A few weeks ago, I downloaded it again and watched a webinar with Joanna Penn and the Scrivener coach. Since then, my writing productivity has sky rocketed in a few different ways.
For example, I was able to quickly outline all of the scenes I could already picture happening thanks to Scrivener's drag and drop function. Scenes that need more development, I can still make a record of and put under the Ideas tab. I've also been able to use the 'Research' tab to pull my research for into one place so that I could write and access it without having to close the Scrivener window and open my browser. This feature alone helped kickstart a nonfiction project I'd been struggling to outline for the last six months.
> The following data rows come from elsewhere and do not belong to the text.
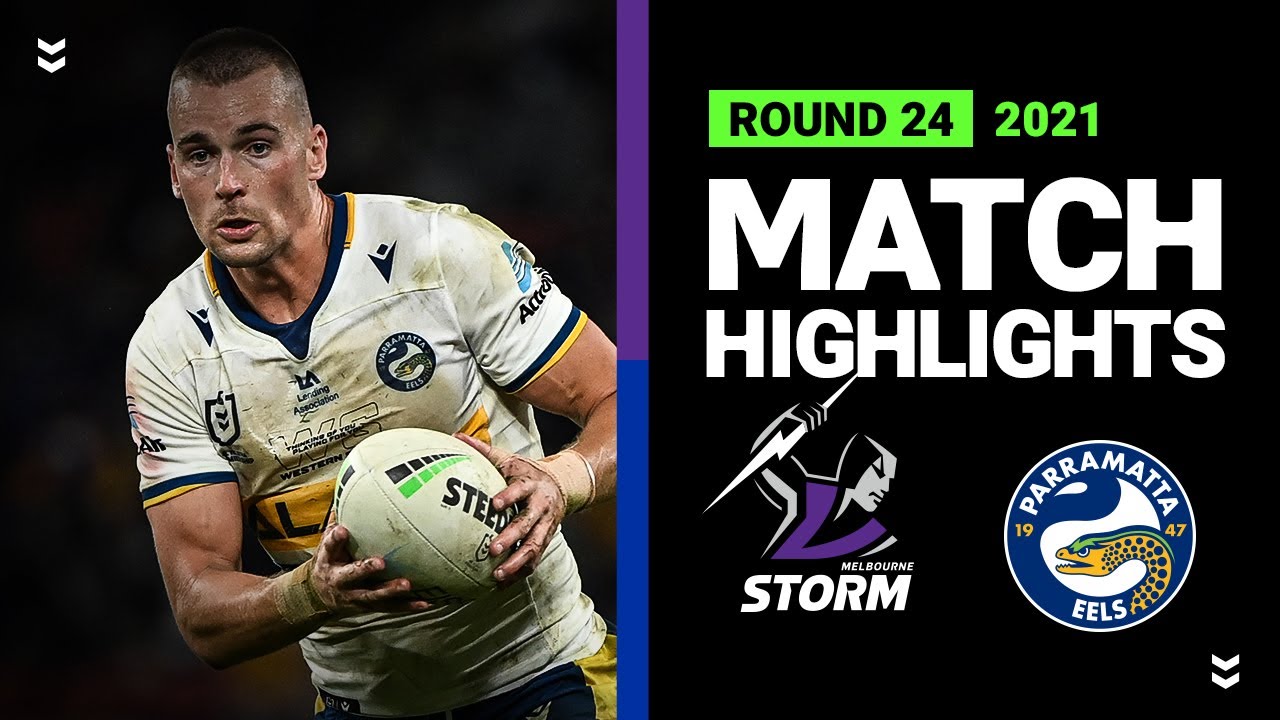 NRL Highlights | Storm v Eels Match Highlights | Round 24, 2021 | Telstra Premiership | NRL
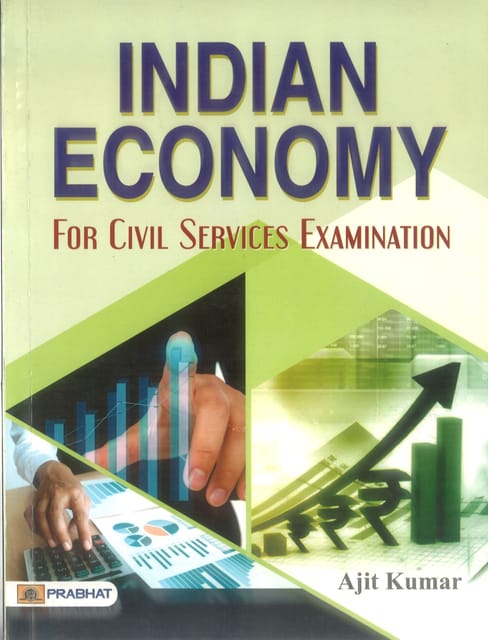 Indian Economy By Ajit Kumar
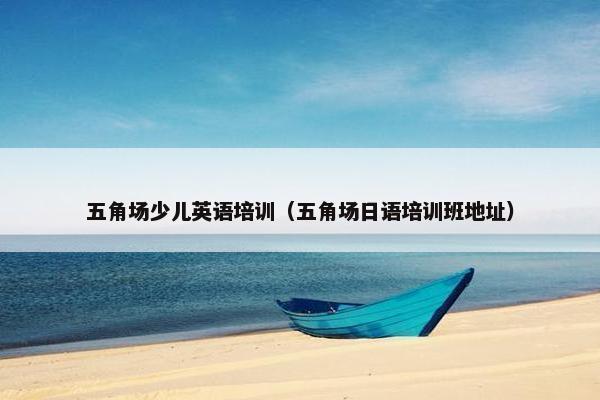 五角场少儿英语培训（五角场日语培训班地址）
Finally, while it didn't improve my productivity as a writer but certainly improved my productivity as an indie publisher - I learned how to use the compile function to make ebooks.
Oh. And did I mention how great it is to have everything in one place? Amazing.
5. The Monthly Twitter Writing Challenge
I haven't shouted out the monthly writing challenge in quite a while though I've talked about it in plenty of posts. The challenge is one of my favourite online communities and one I found it at exactly the right time. Two years ago I had finally managed to start writing upwards of 300 words every day for a few months. Then I had a baby in May 2014. I was a bit worried I would lose my writing momentum and was looking for a way to keep myself motivated. Then I stumbled on the challenge. It had simple rules: write a minimum of 500 words a day or edit for 1 hour. Tweet your word counts with the monthly hashtag and enter the count in a Googledocs spreadsheet. Super simple and super effective.
Since May 2014 I've logged over 300,000 words in the forms of novels, novellas and short stories. I've edited for over 100 hours and have 9 stories that will be published in the next 6-12 months. It typically takes me about 15-30 minutes to get 500-1,000 words. For example, I started a new project a little over a week ago and I'm already at 16,000 words. At the very least, by participating every day I log a minimum of 3500 words a week (this last week I logged 6,984 words) and can typically have a rough draft of a book done in 4 months (depending on what kind of book it is).
Writing is the thing that fuels everything else that I do. It's the thing that makes me the happiest and like Hugh Howey often writes, it's something I would gladly pay to do. Being productive only increases that happiness and actually finishing, formatting and putting together books has become my all time favourite thing to do.
I'm super grateful for all of the things, big and small, that have helped me get to this point and I'm always on the look out for more. More tips. More tricks. Anything that will help me grow as a writer and/or manage my time that little bit better. What about you? Do you set goals for your writing? What's helping you achieve them?